> [Task prompt]: Scan the data below and pick out the lines containing the word "sale".

____ Extracted data

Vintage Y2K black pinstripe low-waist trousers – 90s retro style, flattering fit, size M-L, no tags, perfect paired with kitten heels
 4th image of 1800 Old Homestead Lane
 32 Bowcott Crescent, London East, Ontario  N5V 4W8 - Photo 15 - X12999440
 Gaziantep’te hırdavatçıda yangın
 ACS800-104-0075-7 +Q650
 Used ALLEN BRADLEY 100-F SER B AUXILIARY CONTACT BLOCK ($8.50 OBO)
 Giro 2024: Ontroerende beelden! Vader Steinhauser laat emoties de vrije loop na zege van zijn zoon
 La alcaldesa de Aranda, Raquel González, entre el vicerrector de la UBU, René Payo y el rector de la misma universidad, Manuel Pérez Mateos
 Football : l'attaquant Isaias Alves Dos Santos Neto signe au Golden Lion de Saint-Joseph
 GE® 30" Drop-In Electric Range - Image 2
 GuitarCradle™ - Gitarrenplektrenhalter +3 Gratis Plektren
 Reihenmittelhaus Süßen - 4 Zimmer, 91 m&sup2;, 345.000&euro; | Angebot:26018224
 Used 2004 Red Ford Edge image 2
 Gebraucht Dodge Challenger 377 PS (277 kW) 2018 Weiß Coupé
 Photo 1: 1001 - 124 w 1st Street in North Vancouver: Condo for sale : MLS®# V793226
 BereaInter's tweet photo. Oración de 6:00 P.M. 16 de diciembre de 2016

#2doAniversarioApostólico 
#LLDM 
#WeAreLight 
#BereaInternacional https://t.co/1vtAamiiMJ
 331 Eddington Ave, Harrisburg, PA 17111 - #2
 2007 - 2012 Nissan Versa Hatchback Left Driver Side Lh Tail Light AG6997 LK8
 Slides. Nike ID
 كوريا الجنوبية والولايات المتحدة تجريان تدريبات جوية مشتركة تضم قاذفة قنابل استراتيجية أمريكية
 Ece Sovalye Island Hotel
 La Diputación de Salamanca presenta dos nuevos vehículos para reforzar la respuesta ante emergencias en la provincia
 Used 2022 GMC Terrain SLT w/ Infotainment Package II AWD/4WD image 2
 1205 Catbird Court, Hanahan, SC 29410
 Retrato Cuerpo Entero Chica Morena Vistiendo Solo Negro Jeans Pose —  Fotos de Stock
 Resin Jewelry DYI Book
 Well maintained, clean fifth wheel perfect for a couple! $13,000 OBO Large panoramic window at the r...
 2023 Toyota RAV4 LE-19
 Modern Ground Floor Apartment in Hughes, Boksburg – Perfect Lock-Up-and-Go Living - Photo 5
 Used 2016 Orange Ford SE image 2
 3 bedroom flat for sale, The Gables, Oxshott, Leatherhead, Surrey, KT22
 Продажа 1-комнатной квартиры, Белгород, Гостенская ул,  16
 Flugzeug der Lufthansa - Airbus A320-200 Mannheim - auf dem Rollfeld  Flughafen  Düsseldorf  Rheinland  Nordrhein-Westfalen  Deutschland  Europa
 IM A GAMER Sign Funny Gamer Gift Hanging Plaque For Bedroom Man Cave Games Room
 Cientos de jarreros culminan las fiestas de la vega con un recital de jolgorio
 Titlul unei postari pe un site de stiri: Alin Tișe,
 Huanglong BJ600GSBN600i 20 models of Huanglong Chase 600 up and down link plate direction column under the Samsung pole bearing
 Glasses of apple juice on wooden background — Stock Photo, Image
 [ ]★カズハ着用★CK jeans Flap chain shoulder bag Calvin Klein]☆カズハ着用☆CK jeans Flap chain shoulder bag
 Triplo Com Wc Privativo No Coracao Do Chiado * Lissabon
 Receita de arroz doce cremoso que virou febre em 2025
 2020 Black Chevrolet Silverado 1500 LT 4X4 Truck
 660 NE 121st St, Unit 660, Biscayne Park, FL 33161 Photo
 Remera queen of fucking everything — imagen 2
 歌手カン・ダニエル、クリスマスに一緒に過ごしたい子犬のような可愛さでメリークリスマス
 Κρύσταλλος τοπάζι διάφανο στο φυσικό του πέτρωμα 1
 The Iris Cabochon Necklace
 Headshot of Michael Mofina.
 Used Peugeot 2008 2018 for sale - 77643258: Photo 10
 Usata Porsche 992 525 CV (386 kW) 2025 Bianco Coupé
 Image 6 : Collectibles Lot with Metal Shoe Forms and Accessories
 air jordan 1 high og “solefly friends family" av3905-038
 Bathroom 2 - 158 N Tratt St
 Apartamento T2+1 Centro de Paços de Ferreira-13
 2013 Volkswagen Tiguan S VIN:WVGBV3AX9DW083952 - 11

________

> [Solution to this problem]:
 Photo 1: 1001 - 124 w 1st Street in North Vancouver: Condo for sale : MLS®# V793226
 3 bedroom flat for sale, The Gables, Oxshott, Leatherhead, Surrey, KT22
 Used Peugeot 2008 2018 for sale - 77643258: Photo 10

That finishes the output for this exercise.